Until I have time to go to the store and buy a new one, I've left a small dish of water next to their food dish. Will that be good enough?


----------



## WolfPuppy (Jan 11, 2015)

Yes, that will be fine, but you will want to keep checking it and get a new one as soon as possible; they could spill it and then they would have no water. Sorry you had to deal with the flooded cage. I've never had a bottle break, but I imagine that's not fun. I was really worried the bottle for my mice would break, as I had to hang it with a crazy contraption until getting an aquarium bottle hanger, but it didn't.


----------



## heckhund (Feb 16, 2015)

Yeah, I used a water bowl for a few months last year and it was fine, you just have to check frequently to make sure there is no bedding in it. That isn't much of a problem with fleece though.


----------



## Minky (Apr 4, 2013)

What kind of water bottle do you have? I occasionally have leakage with my Superpet glass water bottles, and this is very easy to fix. Screw off the metal nozzle and look inside for a clear gasket. The gasket should lie flush against the back of the nozzle. Sometimes it floats up, and this breaks the seal and causes leakage. Use a butterknife to push the gasket back down and you should be fine


----------



## liesel (Feb 13, 2013)

You should be fine as long as they don't try to bury their water or somehow get bedding in it. I would get a new bottle soon though cause even if they step on the side of the bowl wrong it could spill out and leave them thirsty


----------



## Shine (Feb 20, 2015)

It was just a cheap plastic water bottle that came with the cage. I don't see any cracks or dents in it, so it might just be a problem with the gasket seal, like Minky said.
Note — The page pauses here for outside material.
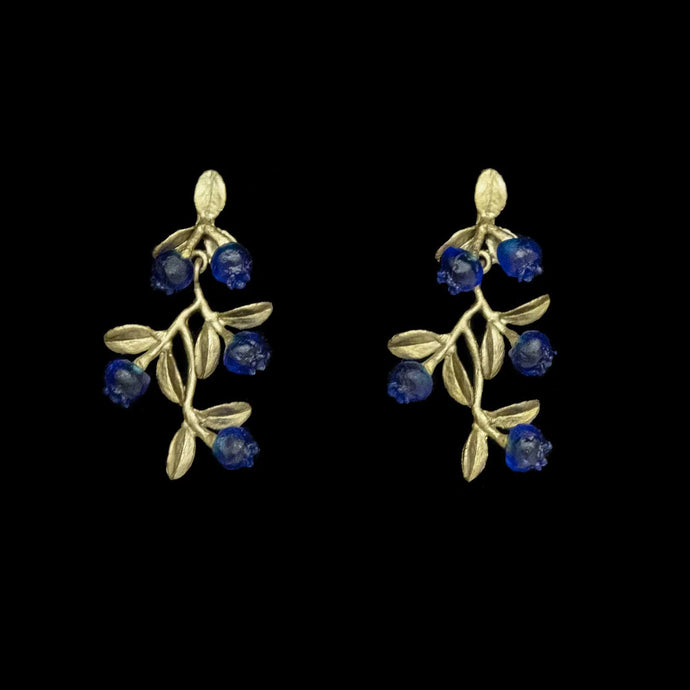 Petite Blueberry Earrings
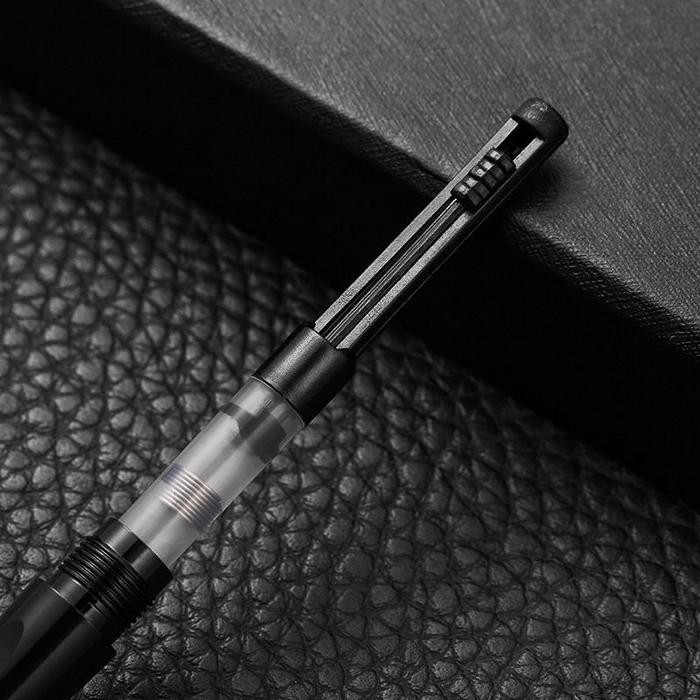 

Promo Kaigrafi fountain pen Nib 0,7mm pena kaam tutu sudah/surah - Membeku.Siver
I will check that later. However, I do think it would be better to buy a glass bottle instead of the plastic one. Next time I have a chance to go to the pet store, I'll look for a better quality one.

Thanks, guys.


----------



## liesel (Feb 13, 2013)

It may just be me but I actually find good quality plastic bottles better than glass. my one glass one flooded my cage one morning quite like what you described happening here. And my other glass one leaks little drops quite often not enough to flood but there's always a little puddle underneath (mind u it is 2.5 years old) but so far my plastic are leak free.


----------



## WolfPuppy (Jan 11, 2015)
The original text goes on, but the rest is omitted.